Il sangue giovane del rock
Non sempre la tv fa male. Nel Regno Unito l'emittente 4music trasmette in questi giorni (agosto 2009) un breve spot che introduce la programmazione musicale estiva: un gruppo di ragazzi in campeggio, un concerto serale, atmosfera felice, amori, tramonti. Ad accompagnare le immagini non è la solita summer hit, ma un brano atipico, melodico ed ipnotico, insomma da colpo di fulmine. Impossibile resistere alla curiosità di compiere qualche ricerca in rete. Complice la fortuna il titolo salta fuori: si tratta di "Sweet Disposition", pezzo già noto al pubblico anglosassone, praticamente sconosciuto in Italia. Loro sono i The Temper Trap, band Australiana ormai naturalizzata inglese, che sta facendo parlar di se ancor prima della uscita ufficiale del primo album in studio, "Conditions", prevista per fine agosto.
E di "Conditions" si vuole parlare in questa breve recensione, probabilmente la prima in Italia sulla band di Melbourne.
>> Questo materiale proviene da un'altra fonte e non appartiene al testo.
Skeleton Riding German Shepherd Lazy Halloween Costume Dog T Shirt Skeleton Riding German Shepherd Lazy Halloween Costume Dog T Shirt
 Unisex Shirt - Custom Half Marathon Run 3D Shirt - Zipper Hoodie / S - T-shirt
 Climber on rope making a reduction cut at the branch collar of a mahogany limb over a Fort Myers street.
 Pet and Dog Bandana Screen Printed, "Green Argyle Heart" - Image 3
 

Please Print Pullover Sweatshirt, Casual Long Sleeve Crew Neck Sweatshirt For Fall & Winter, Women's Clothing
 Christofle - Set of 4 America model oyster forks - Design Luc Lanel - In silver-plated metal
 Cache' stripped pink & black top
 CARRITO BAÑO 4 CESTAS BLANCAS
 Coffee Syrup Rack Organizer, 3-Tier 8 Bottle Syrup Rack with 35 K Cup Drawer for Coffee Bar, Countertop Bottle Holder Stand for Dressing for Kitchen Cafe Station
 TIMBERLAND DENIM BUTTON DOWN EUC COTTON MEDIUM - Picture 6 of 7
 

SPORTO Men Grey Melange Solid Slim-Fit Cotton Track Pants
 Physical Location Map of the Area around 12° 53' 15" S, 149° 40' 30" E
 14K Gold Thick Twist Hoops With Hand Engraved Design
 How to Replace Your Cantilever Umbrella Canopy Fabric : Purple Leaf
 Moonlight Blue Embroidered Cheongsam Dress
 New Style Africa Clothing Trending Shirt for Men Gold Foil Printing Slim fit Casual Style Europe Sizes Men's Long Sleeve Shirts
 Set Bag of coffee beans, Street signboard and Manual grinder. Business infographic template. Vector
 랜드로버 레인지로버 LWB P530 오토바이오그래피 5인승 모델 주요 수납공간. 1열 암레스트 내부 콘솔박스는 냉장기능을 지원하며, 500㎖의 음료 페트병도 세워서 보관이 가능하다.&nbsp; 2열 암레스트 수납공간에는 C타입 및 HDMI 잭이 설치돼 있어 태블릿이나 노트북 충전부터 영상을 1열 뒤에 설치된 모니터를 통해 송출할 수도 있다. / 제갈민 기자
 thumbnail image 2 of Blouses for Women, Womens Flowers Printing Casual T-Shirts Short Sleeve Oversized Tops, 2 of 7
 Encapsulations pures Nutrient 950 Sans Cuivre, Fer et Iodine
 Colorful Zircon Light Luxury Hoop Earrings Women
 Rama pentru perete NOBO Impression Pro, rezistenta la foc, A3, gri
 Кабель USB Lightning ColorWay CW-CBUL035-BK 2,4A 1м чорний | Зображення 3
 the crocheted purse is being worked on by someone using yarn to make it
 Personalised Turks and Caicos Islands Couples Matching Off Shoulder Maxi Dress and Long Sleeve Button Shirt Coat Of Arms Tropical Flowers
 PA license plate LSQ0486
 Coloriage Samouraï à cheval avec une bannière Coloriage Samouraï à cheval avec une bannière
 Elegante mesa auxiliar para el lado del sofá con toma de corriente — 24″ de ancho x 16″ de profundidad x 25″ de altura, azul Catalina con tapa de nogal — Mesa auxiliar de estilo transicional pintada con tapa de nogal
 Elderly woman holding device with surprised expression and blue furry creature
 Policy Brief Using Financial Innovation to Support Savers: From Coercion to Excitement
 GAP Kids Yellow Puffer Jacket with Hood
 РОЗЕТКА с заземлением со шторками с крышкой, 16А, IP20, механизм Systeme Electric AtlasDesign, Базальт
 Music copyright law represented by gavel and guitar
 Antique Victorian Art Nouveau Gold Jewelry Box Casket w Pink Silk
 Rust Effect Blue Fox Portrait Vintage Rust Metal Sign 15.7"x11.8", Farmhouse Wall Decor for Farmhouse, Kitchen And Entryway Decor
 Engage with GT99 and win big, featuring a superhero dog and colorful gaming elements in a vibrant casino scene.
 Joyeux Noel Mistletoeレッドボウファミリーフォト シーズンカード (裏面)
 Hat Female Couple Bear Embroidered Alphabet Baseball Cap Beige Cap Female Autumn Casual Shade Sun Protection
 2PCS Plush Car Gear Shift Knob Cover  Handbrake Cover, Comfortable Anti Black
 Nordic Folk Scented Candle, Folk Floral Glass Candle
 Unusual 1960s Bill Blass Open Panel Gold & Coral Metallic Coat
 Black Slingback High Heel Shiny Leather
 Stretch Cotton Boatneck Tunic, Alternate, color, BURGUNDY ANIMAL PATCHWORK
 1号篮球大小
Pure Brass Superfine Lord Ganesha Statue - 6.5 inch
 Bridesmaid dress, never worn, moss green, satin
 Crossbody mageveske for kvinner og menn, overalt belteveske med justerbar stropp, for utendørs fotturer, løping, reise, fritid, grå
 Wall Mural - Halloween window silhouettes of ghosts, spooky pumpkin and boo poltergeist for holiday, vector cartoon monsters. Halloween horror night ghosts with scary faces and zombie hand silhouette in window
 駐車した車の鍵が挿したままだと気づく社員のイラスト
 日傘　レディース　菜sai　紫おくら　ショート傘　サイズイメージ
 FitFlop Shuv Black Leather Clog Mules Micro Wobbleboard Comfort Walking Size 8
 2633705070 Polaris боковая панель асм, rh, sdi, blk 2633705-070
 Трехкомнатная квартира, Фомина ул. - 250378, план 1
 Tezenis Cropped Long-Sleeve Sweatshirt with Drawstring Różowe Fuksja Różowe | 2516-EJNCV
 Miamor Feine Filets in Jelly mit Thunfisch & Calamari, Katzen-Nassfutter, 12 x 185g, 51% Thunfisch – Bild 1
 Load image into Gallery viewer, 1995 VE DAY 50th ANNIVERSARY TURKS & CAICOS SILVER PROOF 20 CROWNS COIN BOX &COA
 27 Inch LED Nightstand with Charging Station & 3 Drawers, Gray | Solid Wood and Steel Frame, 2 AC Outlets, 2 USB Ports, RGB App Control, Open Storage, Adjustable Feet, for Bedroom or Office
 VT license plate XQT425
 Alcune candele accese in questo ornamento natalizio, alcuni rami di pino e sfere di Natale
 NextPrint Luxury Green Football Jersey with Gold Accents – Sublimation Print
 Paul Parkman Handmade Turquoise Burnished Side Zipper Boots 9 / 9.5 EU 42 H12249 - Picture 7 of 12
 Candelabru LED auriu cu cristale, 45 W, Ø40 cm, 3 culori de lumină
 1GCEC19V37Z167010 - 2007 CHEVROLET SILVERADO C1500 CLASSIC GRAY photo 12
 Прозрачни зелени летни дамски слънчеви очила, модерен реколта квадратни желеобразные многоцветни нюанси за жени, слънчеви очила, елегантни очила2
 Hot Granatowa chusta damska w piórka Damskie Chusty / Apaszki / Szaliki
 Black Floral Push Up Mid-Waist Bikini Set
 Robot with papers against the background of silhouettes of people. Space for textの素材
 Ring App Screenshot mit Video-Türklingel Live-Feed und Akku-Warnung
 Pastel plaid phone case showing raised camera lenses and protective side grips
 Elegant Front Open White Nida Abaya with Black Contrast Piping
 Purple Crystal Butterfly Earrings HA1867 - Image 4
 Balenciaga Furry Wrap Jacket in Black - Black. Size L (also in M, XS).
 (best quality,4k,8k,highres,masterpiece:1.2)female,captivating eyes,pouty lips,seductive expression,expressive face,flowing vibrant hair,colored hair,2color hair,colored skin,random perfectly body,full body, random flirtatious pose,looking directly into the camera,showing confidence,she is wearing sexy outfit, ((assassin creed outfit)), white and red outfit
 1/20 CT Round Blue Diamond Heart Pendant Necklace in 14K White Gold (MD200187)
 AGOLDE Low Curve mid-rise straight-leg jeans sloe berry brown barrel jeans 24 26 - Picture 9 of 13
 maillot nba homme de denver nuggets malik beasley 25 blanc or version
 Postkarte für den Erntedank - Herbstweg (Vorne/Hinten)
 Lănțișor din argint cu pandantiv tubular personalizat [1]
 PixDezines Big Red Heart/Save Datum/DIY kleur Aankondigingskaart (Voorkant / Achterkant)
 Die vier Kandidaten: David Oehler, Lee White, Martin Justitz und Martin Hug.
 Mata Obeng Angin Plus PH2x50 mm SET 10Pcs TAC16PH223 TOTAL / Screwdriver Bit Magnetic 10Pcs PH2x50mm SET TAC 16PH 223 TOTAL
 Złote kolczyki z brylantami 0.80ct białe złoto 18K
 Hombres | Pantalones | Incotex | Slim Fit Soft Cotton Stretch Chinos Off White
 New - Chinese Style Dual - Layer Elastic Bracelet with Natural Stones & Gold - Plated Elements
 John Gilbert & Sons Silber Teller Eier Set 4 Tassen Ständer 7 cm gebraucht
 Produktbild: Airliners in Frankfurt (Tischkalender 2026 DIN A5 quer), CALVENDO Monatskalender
"Conditions" rappresenta l'esordio sorprendente ma misurato di una giovane band dotata di grande talento. Band che in apparenza non insegue il facile successo, ma intende affermarsi costruendo la propria personalità musicale, che sembra accuratamente evitare il singolone ammiccante da chart puntando invece sulla coerenza complessiva dell'album. Nelle dieci tracce risultano evidenti le contaminazioni estetiche del rock più recente, ma soprattutto il lavoro compiuto su ogni singolo brano. I TTT sembrano conoscere a perfezione la struttura della rocksong, riuscendo a declinarla senza mai risultare ripetitivi o eccessivi. Il loro rock è potente e melodico, dotato di una ritmica pulsante supportata da un'elettronica dosata con sapienza ed in cui risulta evidente il contributo del produttore inglese Jim Abbiss (UNKLE, Adele, Arctic Monkeys). Infine, la voce di Dougy Mandagi: emozionante e potente ricorda spesso le inarrivabili sfumature vocali di Tom Yorke.
•1. "Love lost"
Tastiera ambient e l'intensa voce di Dougy Mandagi introducono il brano che prosegue potente ricordando (soprattutto nelle chitarre) alcuni indimenticabili capitoli dei Coldplay.
•2. "Rest"
Da brivido. Elettronica elegante (Trentemoller) e ritmo pulsante che non lascia scampo. Il cantato finale è alla Tom Yorke.
•3. "Sweet Disposition"
Il colpo di fulmine. Primo capolavoro del disco. Forse un involontario tributo al suono e al ritmo dei primi U2. Supportata da un testo semplice e mai banale, ha il profumo degli ultimi giorni dell'estate, carichi di malinconia e della voglia di vivere ogni istante. Da ascoltare till it's over...
•4. "Down River"
Brano ammiccante il cui cantato - portato volontariamente al limite eufonico - gioca ruolo centrale. Stop e riprese mutuati da Coldplay e Franz Ferdinand.
•5. "Soldier On"
Il brano successivo ritorna alla melodia, introdotto da un giro di chitarra acustica e dalla sofferta voce di Dougy Mandagi che ricorda Jeff Buckley. Ballata dal sapore stelle e strisce con finale epico nella migliore tradizione rock.
•6. "Fader"
Potenziale singolo dotato di un base ritmica trascinante e melodie da brano senza tempo.
•7. "Fools"
Esercizio di stile sul tema del rock melodico che incrocia ancora una volta chitarra Edgiana con atmosfere ambient. Falsetto e ritornello di facile presa.
•8. "Resurrection"
Ennesimo episodio nato dalla capacità del gruppo di creare brani originali fondendo diverse estetiche rock. Anche in questo caso il finale è potente, in piena tradizione rock and roll.
•9. "Science of Fear"
Secondo capolavoro del disco. Voce sensuale e liriche intense supportate da una sezione ritmica perfetta e dall'emozionante incedere degli archi. Epica e malinconica quanto i brani più intensi dei Radiohead (fa capolino "Jigsaw Falling Into Place").
•10. "Drum song"
Brano strumentale che riporta ai Cure di Disintegration e Faith.